As through a mirror, darkly lit

by Leu (Karaii)



Series: Naruto rarepair generator [5]
Category: Naruto
Genre: Amorality, Gen, Two geniuses evil in context
Language: English
Status: Completed
Published: 2019-05-29
Updated: 2019-05-29
Packaged: 2020-03-26 14:39:38
Rating: Teen And Up Audiences
Warnings: No Archive Warnings Apply
Chapters: 1
Words: 2,205
Publisher: archiveofourown.org
Story URL: https://archiveofourown.org/works/19007845
Author URL: https://archiveofourown.org/users/Karaii/pseuds/Leu
Summary: Orochimaru begins perfecting the Impure World Reincarnation jutsu by summoning its creator over and over from the dead.A character study that posits that Orochimaru and Tobirama are actually more similar than one might expect.





	As through a mirror, darkly lit

“Is this…my Reanimation jutsu?” Senju Tobirama flexes his flaking fingers experimentally. “How fascinating.”

Orochimaru’s smile is oily. “I am honoured you approve, Nidaime-sama.”

“I do not,” the dead man says simply, and body flickers. Orochimaru dodges the attack by bending his neck at an abnormal angle, simultaneously regurgitating the sword of Kusanagi and piercing Tobirama’s body to the wall.

“Too slow,” Orochimaru says, delicately wiping his mouth. “How unusual for you, Nidaime-sama. My sensei used to say you were the fastest shinobi he’d ever known.”

“Tch. You fucked up my technique, is all.” Tobirama attempts to squirm around the sword, but he cannot, his borrowed body already losing mobility. “Who is your teacher, boy?”

Orochimaru ignores him and consults his notes instead. The forbidden scroll had been badly damaged when he’d first found it, and reverse engineering the Impure World Regeneration technique has proven to be more difficult than he’d expected. At least this time he’s managed to recall the original’s personality.
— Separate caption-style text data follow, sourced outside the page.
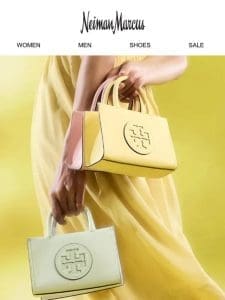 Pick up Tory Burch Ella Bio totes in new summer hues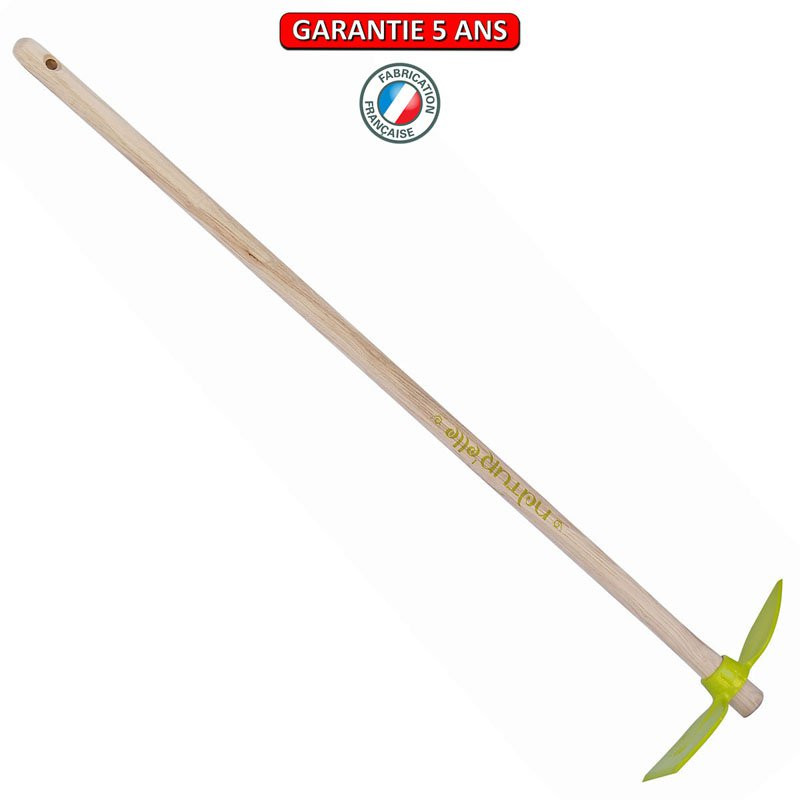 Serfouette panne & langue forgée manche 100cm - Kiwi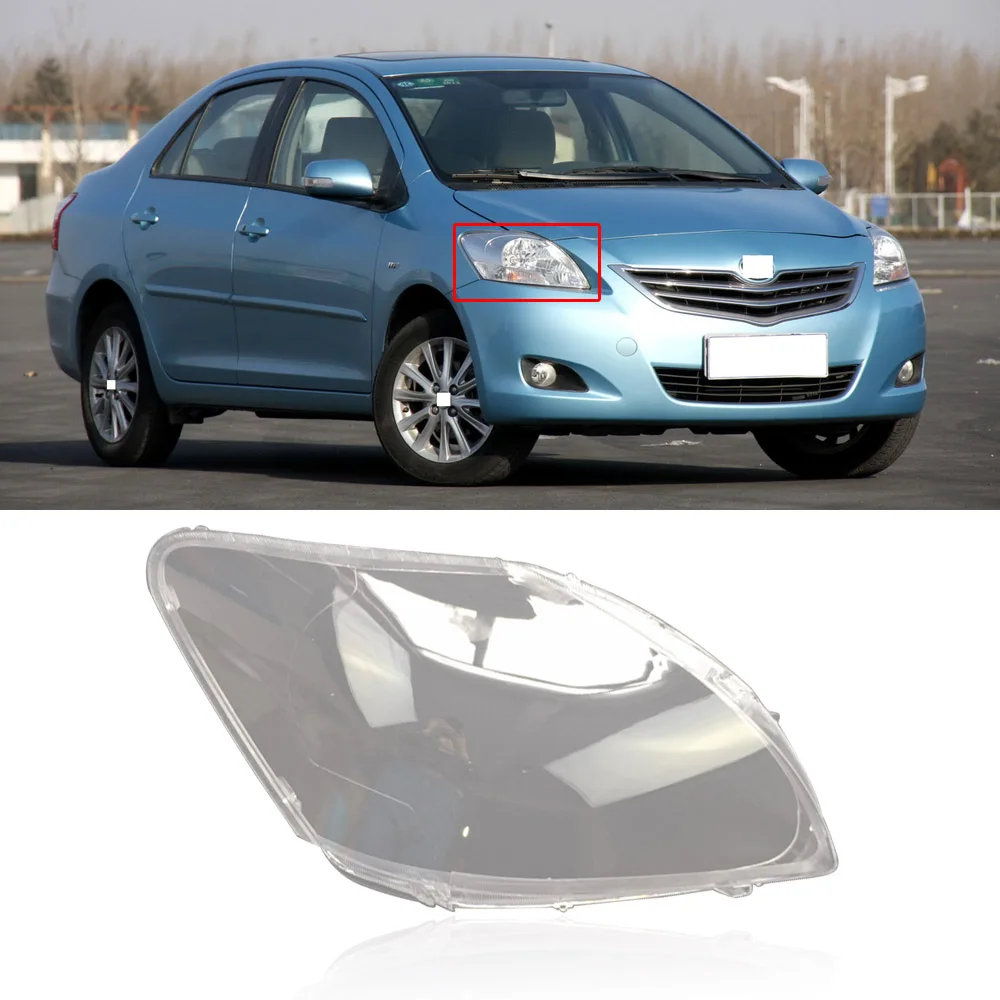 Чехол CAPQX для Toyota Vios 2008 2009 2010 2013 передсветильник ЛОБНЫЙ фонарь налобный абажур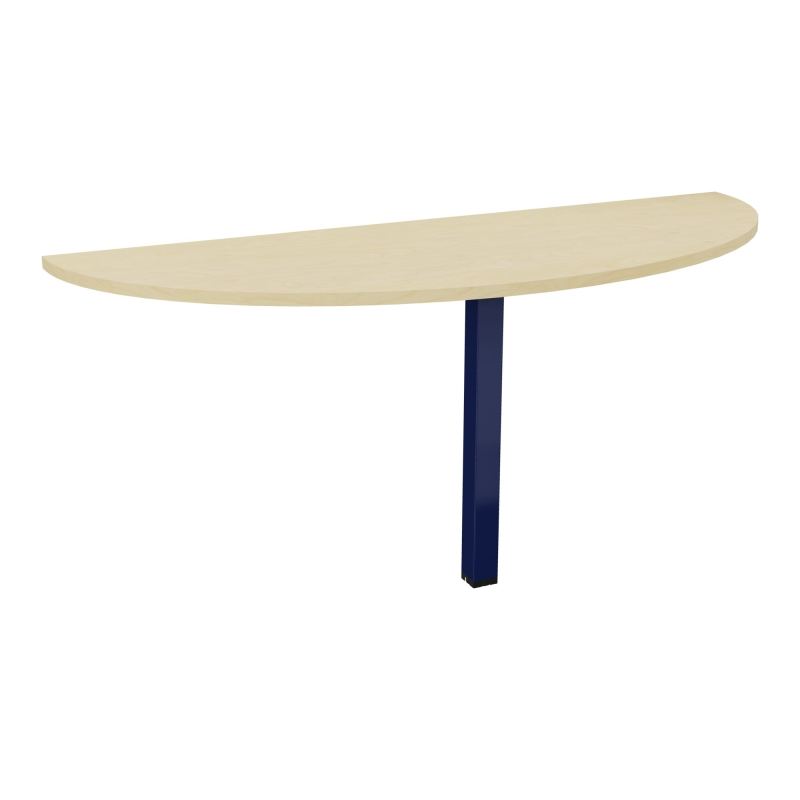 TABLE DEMI-RONDE CONECT L165XP60CM-PLAT EP25MM -PIED CARRE FX N8 X4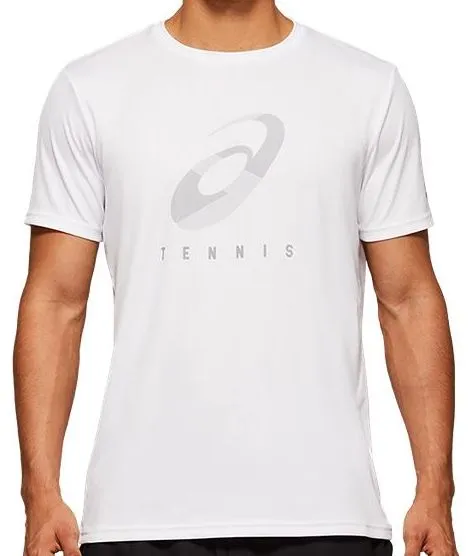 Asics Practice M Spiral T - brilliant white/peacoat Asics Practice M Spiral T - brilliant white/peacoat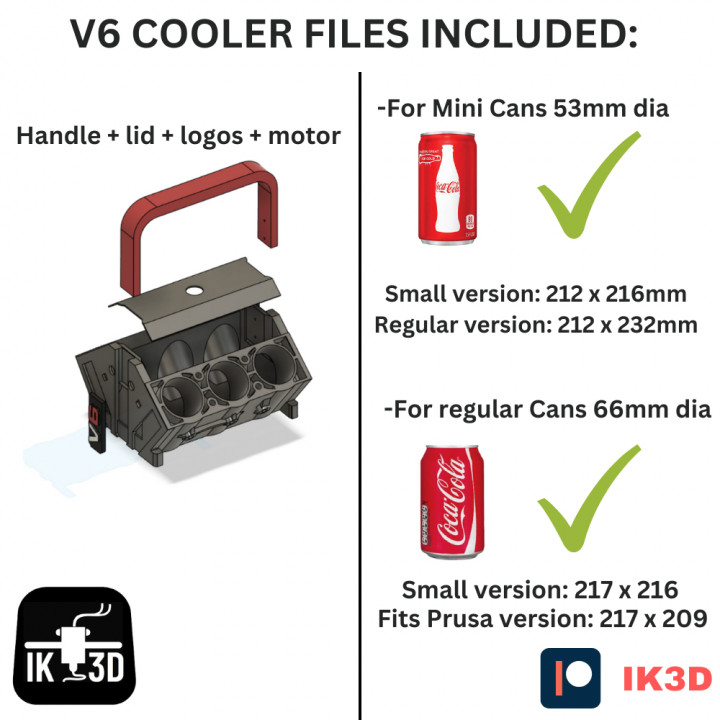 V4 AND V6 CAN COOLER / HOLDER EASY PRINT image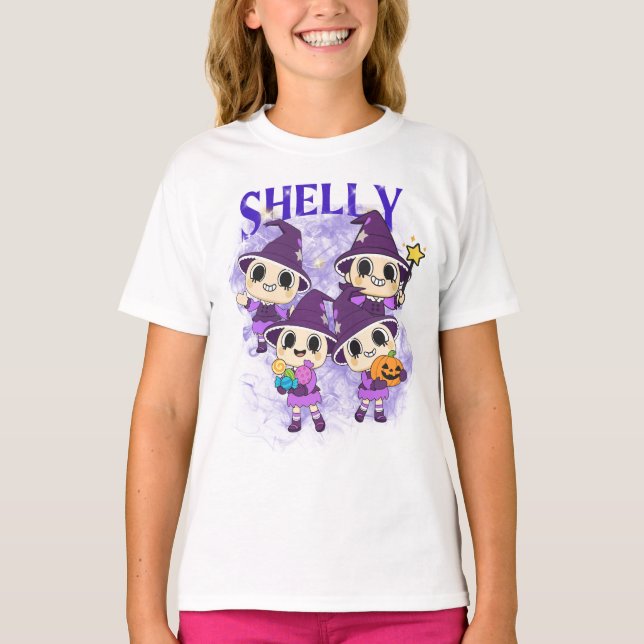Camiseta Dandy's World Shelly Halloween (Anverso)
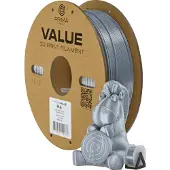 PrimaCreator PrimaValue PLA+ - 1,75mm - 1kg - Sølv 7340002119533 Modsvarer: N/A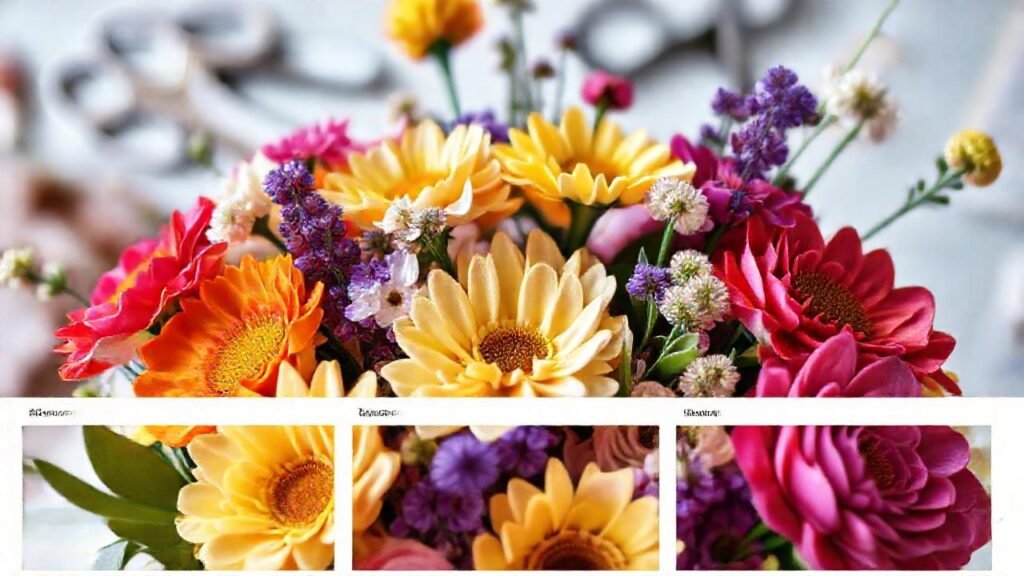 Un arreglo floral vibrante y elegante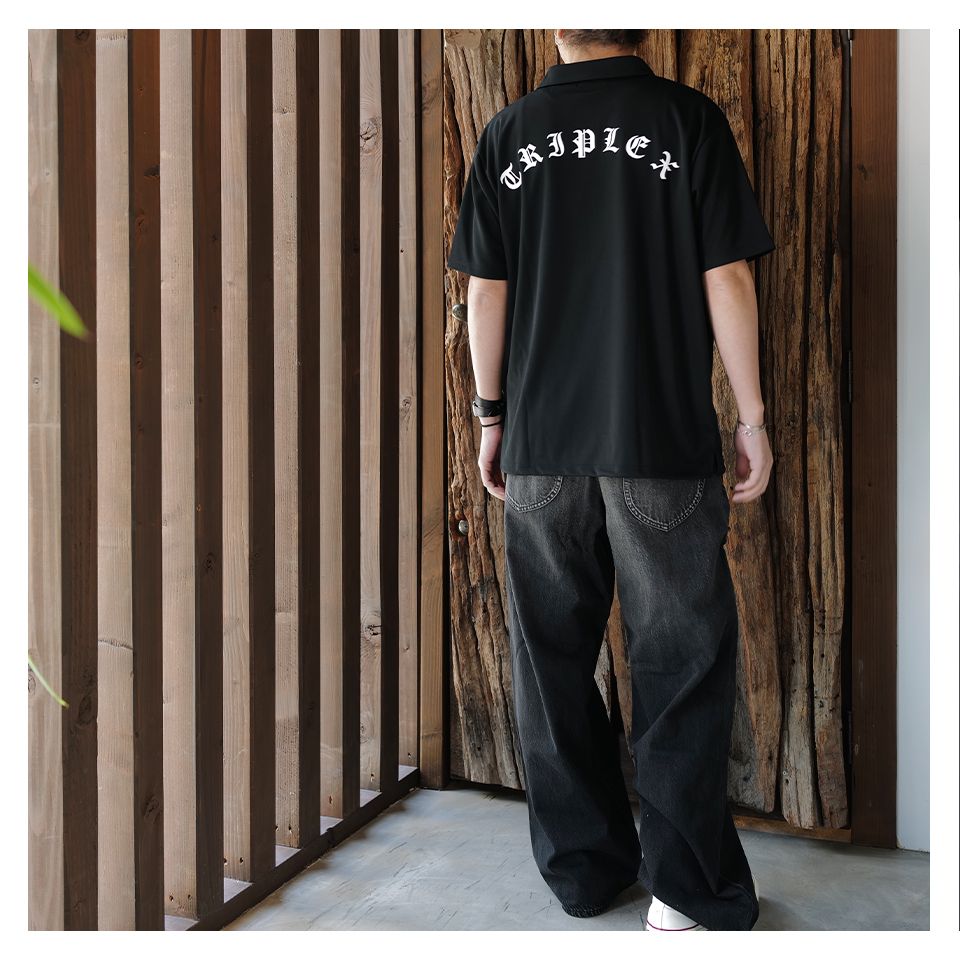 【LAST1 L】 GX-S25-CS-01  POLO SHIRT  BLACK
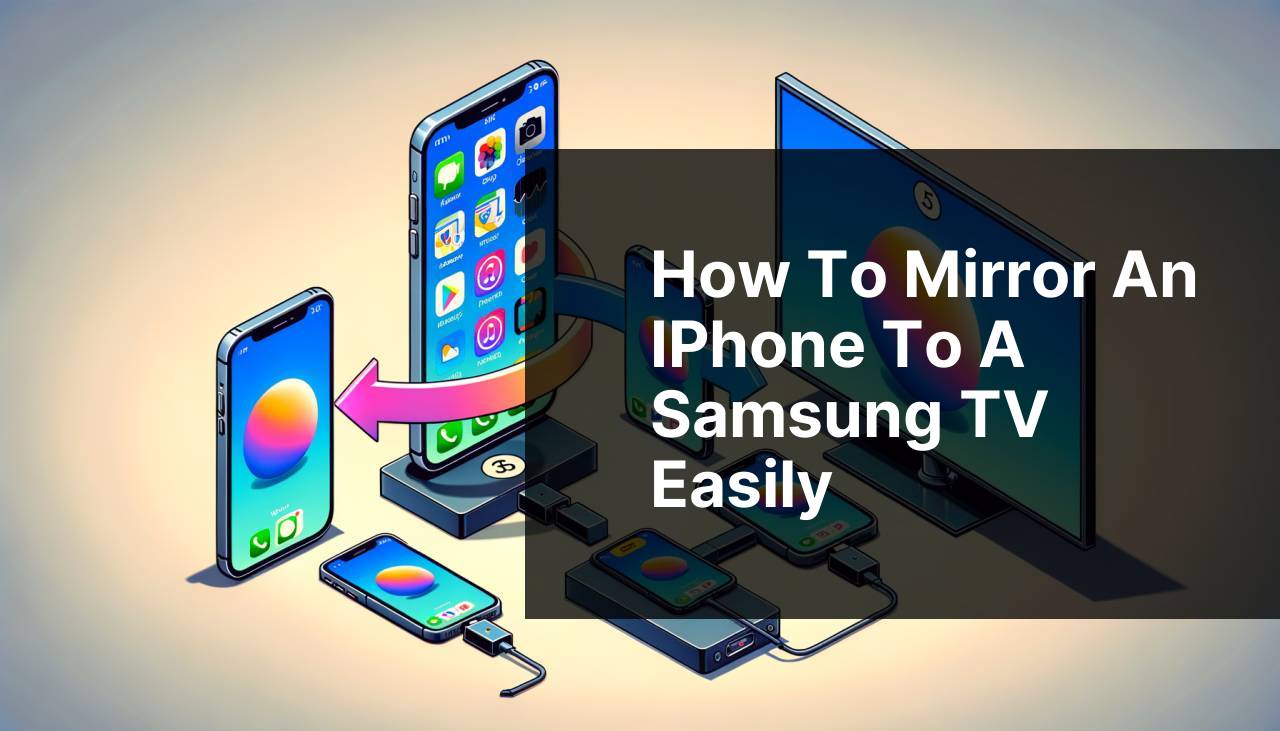 How to Mirror an iPhone to a Samsung TV Easily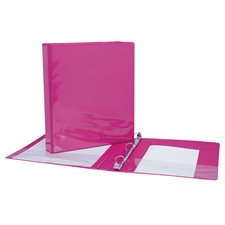 Reliure de présentation à anneaux en D - 1,5 po - Rose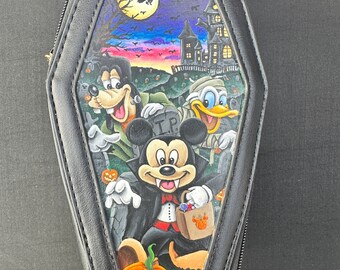 Hand painted Mickey Halloween Crossbody READY TO SHIP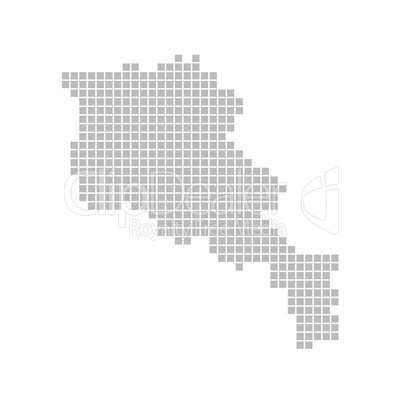 Pixelkarte - Armenien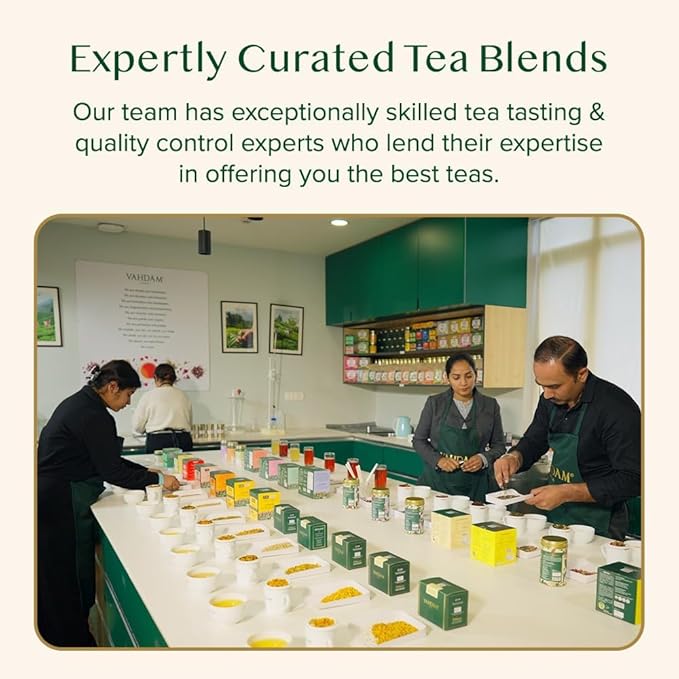 VAHDAM, First Flush Darjeeling Tea - 170+ Cups (340g/12oz) Loose Leaf Black Tea - Flowery, Aromatic & Delicious | Mellow & Fragrant | Vacuum Sealed Pack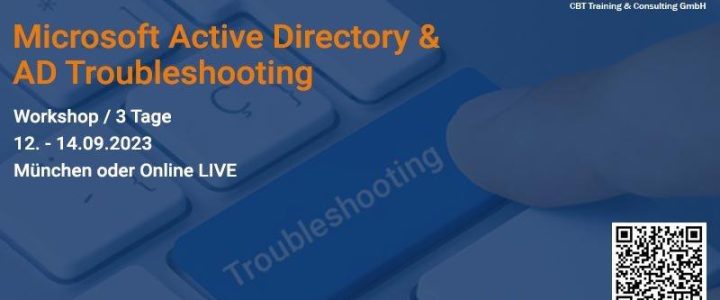 Garantietermin: Microsoft Active Directory & AD Troubleshooting (Workshop | München)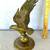 Antique 12” tall solid brass eagle perched on a ball figurine 4 thumbnail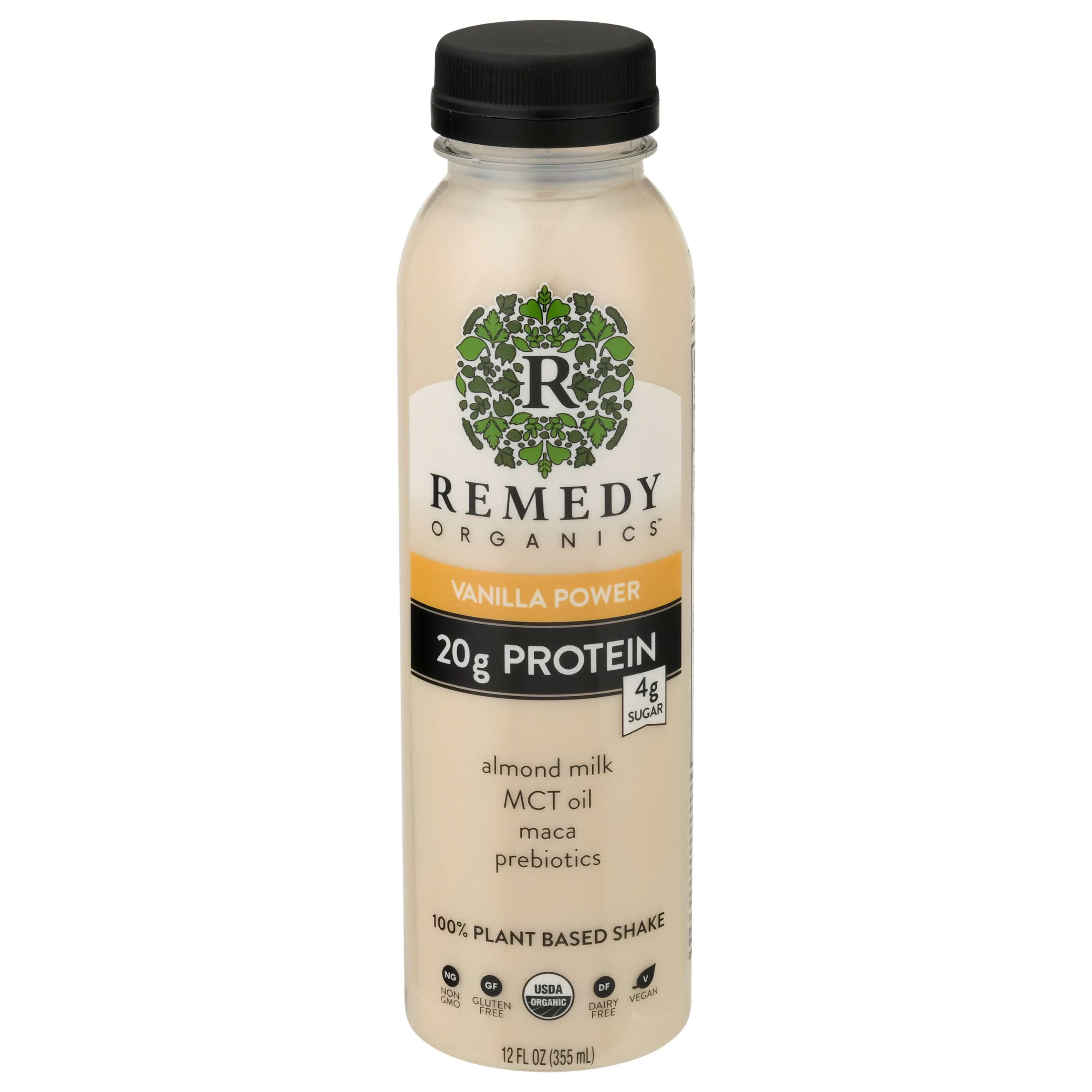 Remedy Organics 100% Plant Based Vanilla Power Shake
“Answer me when I am speaking to you!”

“Your technique is the one that’s flawed,” Orochimaru states matter-of-factly. “If you want to best me, you’d best help me perfect your jutsu.”

Senju Tobirama opens his mouth to snark something back when he abruptly stiffens, chokes, and shudders violently. He makes no sound when he dies, his skin and hair flaking off and leaving a brown-skinned corpse behind, quickly decaying around Kusanagi, until only the sword is left behind.

“Hm.” Orochimaru writes a little note at the bottom of his mess of papers. “Only a minute this time…his mind was whole, though. One step back, two forward.”

He runs a hand through his hair thoughtfully, frowning when he encounters a snag. He badly needs a shower. How long has he been down here? Orochimaru retrieves his sword, wipes it daintily, and swallows it whole. Even snakes need sunlight, after all.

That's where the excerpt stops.